### Assignment
Quote exactly the lines from the one with "1906 N Sandpiper Drive Warsaw IN 46582" to the end of the data, both included; omit the pictures.

### Information shown
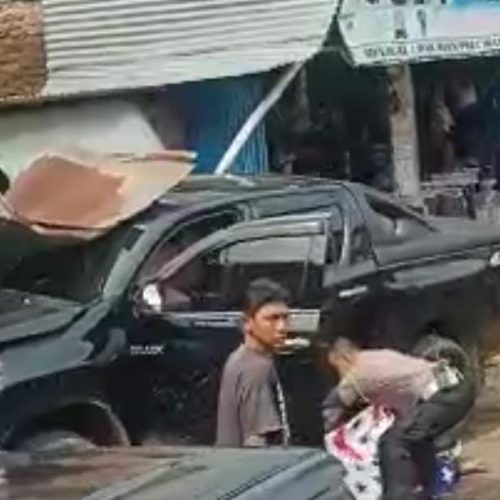 Mobil Dinas Bupati Kuningan Hantam Motor dan Warung, 3 Orang Tewas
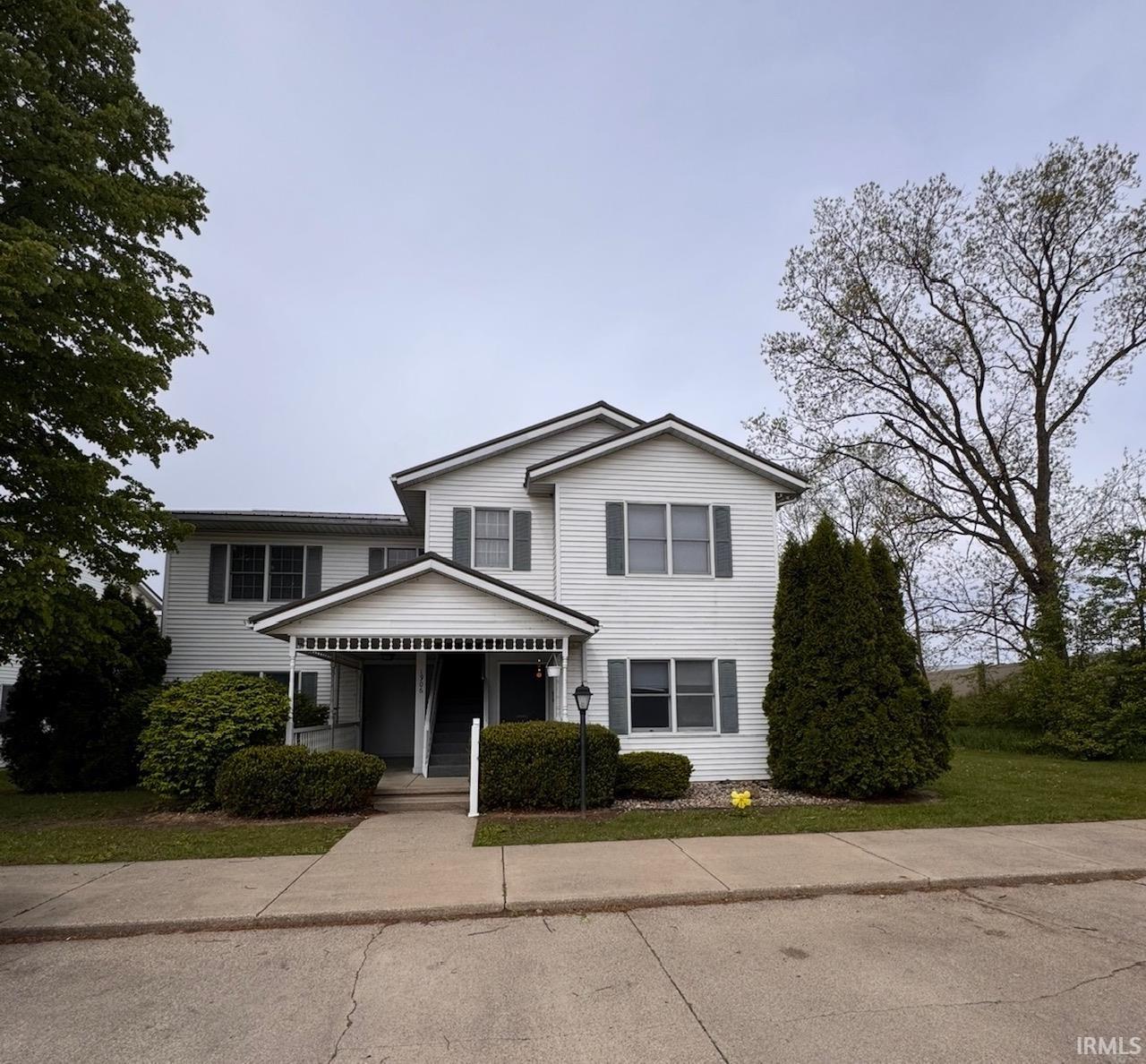 1906 N Sandpiper Drive Warsaw IN 46582
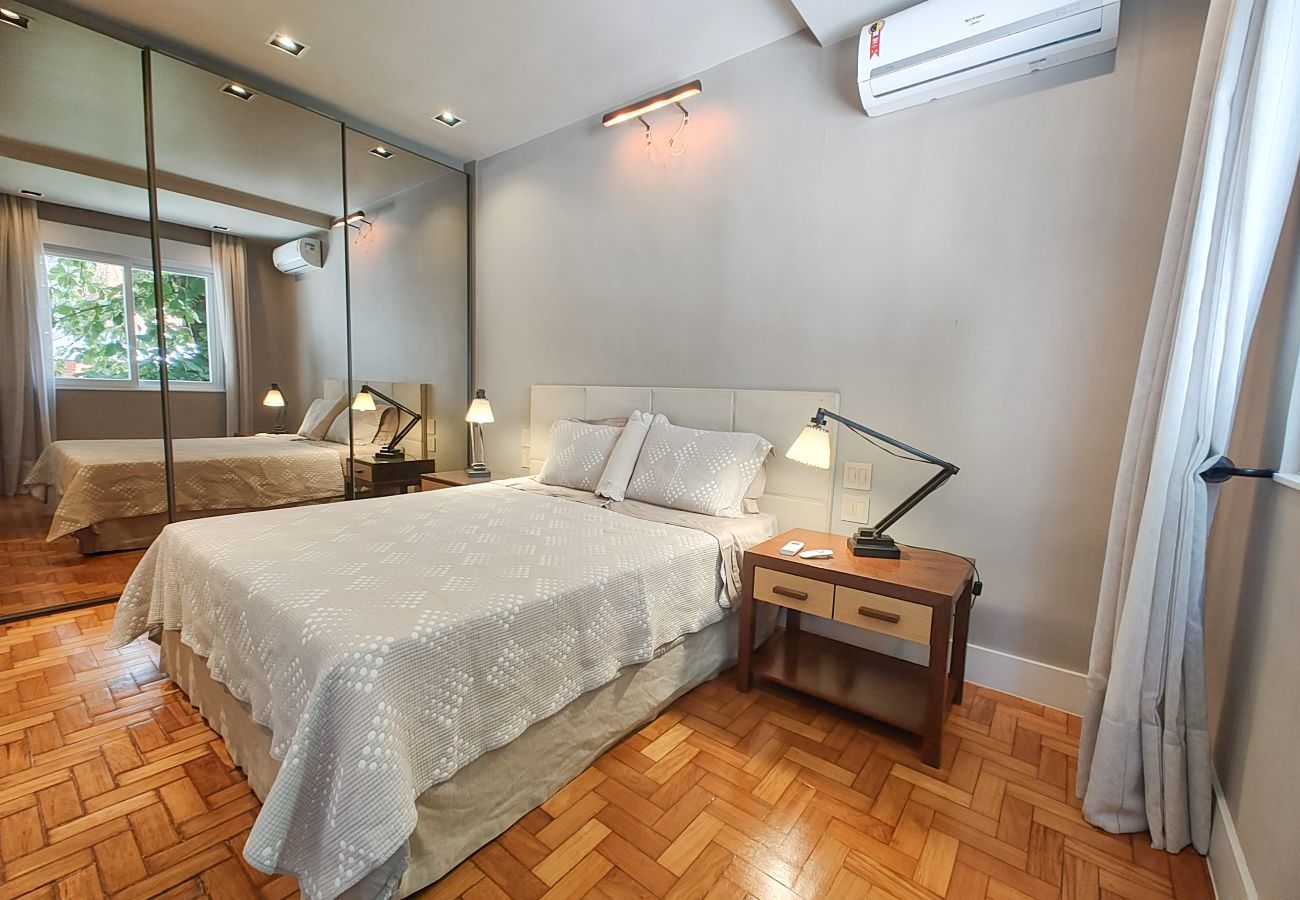 Apartamento em Rio de Janeiro - Igarapava202|2 qts no Leblon, 5 min a pé da praia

### The completed task
 1906 N Sandpiper Drive Warsaw IN 46582
 Apartamento em Rio de Janeiro - Igarapava202|2 qts no Leblon, 5 min a pé da praia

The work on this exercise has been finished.